== WHAT IS BEING ASKED ==
Entries follow. Give back exactly the lines starting at the one containing "Armoire blanche" and ending at the one containing "很多人炒菜时喜欢用高温爆炒 很多人炒菜时喜欢用高温爆炒", and no other lines.

== DATA FOR THIS TASK ==
>>

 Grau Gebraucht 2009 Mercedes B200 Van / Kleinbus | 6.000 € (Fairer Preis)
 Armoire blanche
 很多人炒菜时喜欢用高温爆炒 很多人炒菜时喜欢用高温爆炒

<<
>>

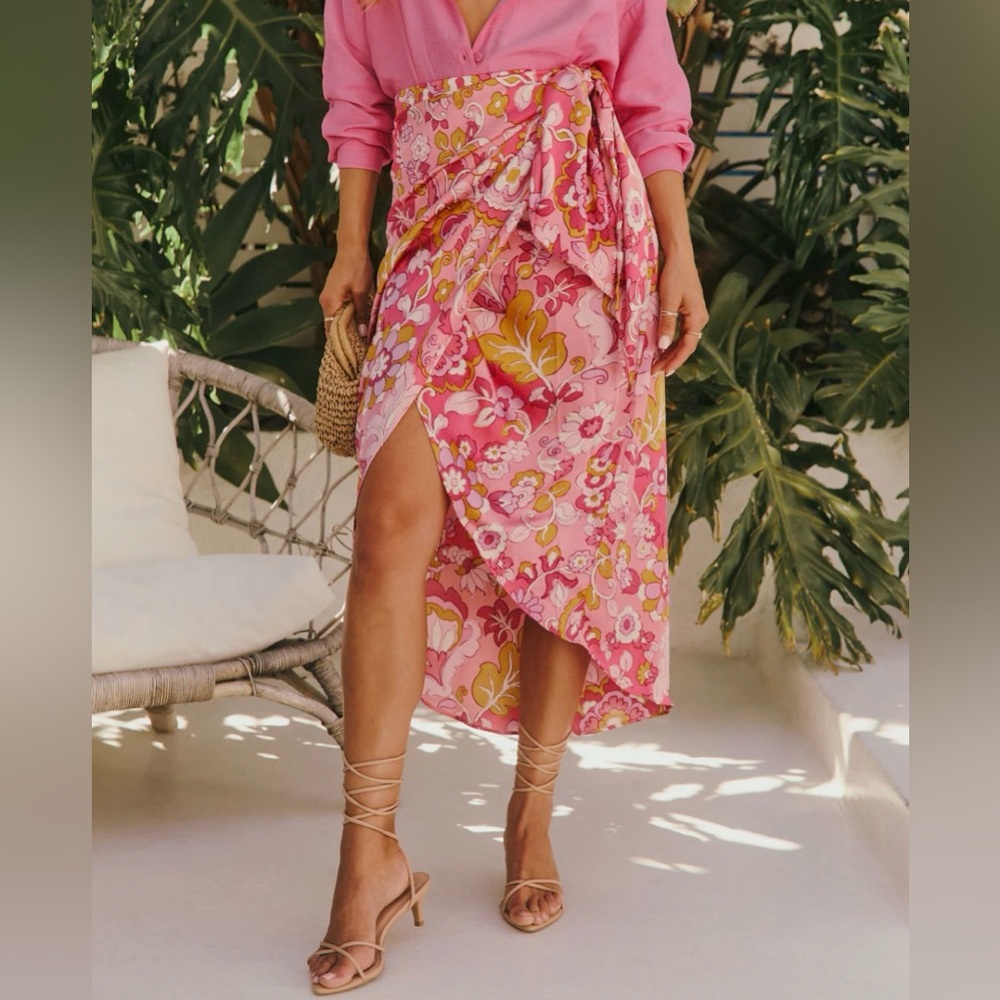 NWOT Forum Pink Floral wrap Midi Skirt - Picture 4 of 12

<<

== SOLUTION TO THE PROBLEM ==
 Armoire blanche
 很多人炒菜时喜欢用高温爆炒 很多人炒菜时喜欢用高温爆炒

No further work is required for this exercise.